Given material -
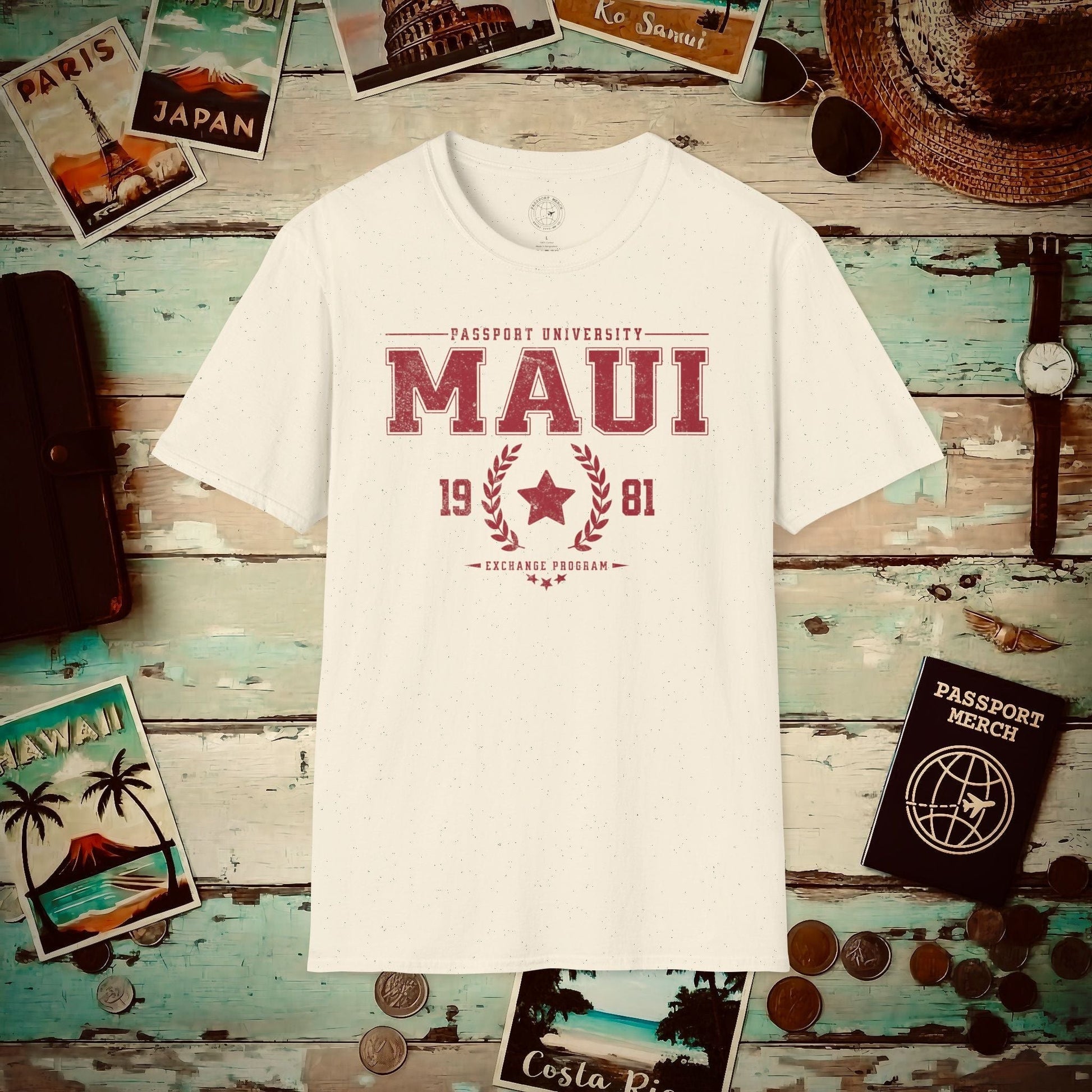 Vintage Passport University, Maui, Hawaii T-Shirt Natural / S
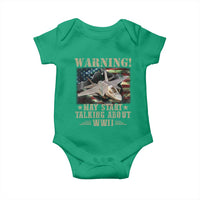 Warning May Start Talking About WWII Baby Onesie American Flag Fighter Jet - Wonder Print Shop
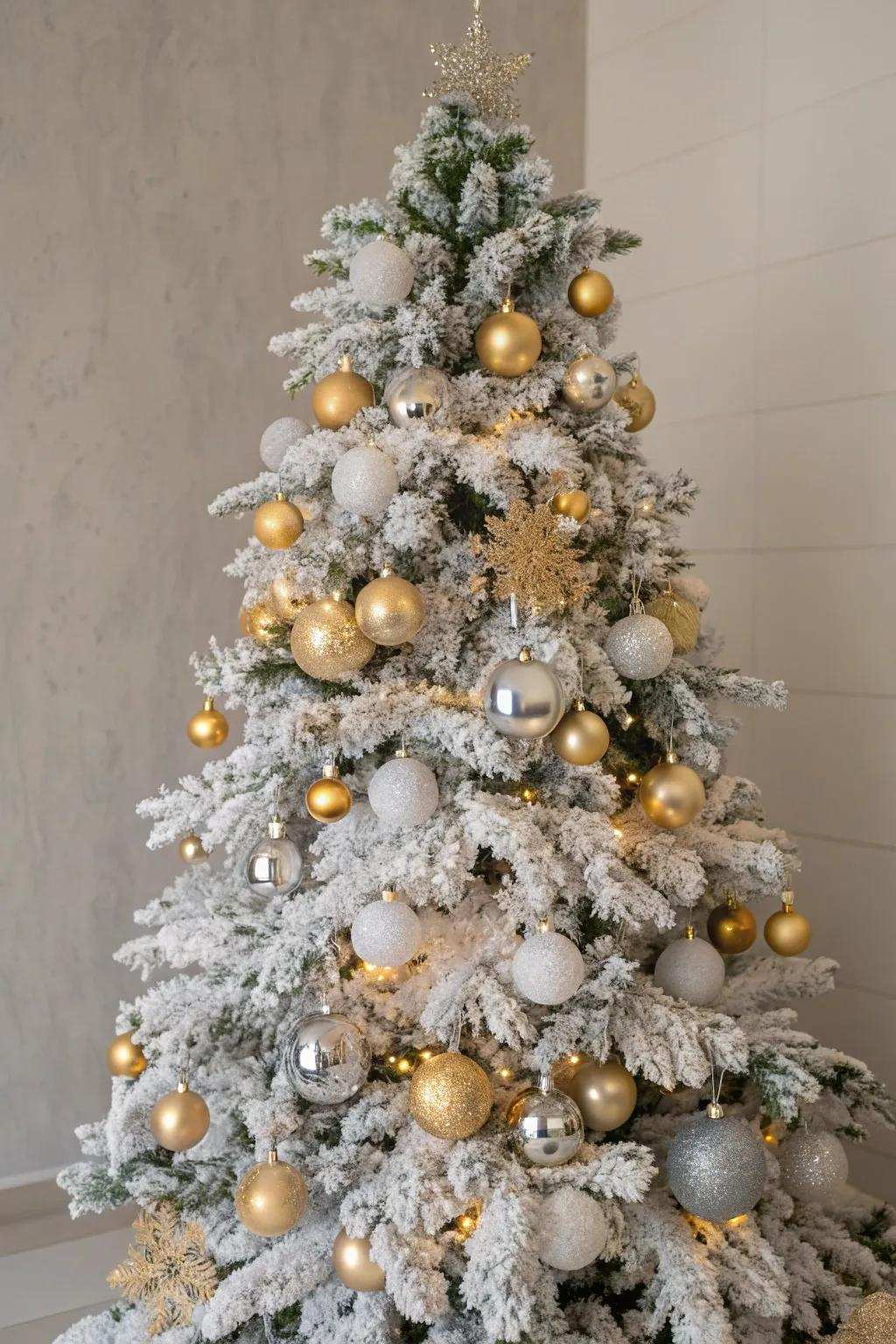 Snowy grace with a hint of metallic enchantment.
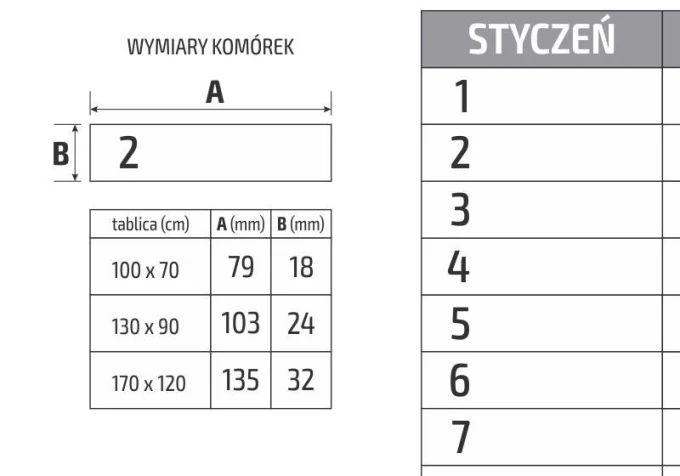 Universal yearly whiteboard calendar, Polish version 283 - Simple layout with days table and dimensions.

Work to complete -
Omit any images, then output the listing exactly.

Written answer -
 Vintage Passport University, Maui, Hawaii T-Shirt Natural / S
 Warning May Start Talking About WWII Baby Onesie American Flag Fighter Jet - Wonder Print Shop
 Snowy grace with a hint of metallic enchantment.
 Universal yearly whiteboard calendar, Polish version 283 - Simple layout with days table and dimensions.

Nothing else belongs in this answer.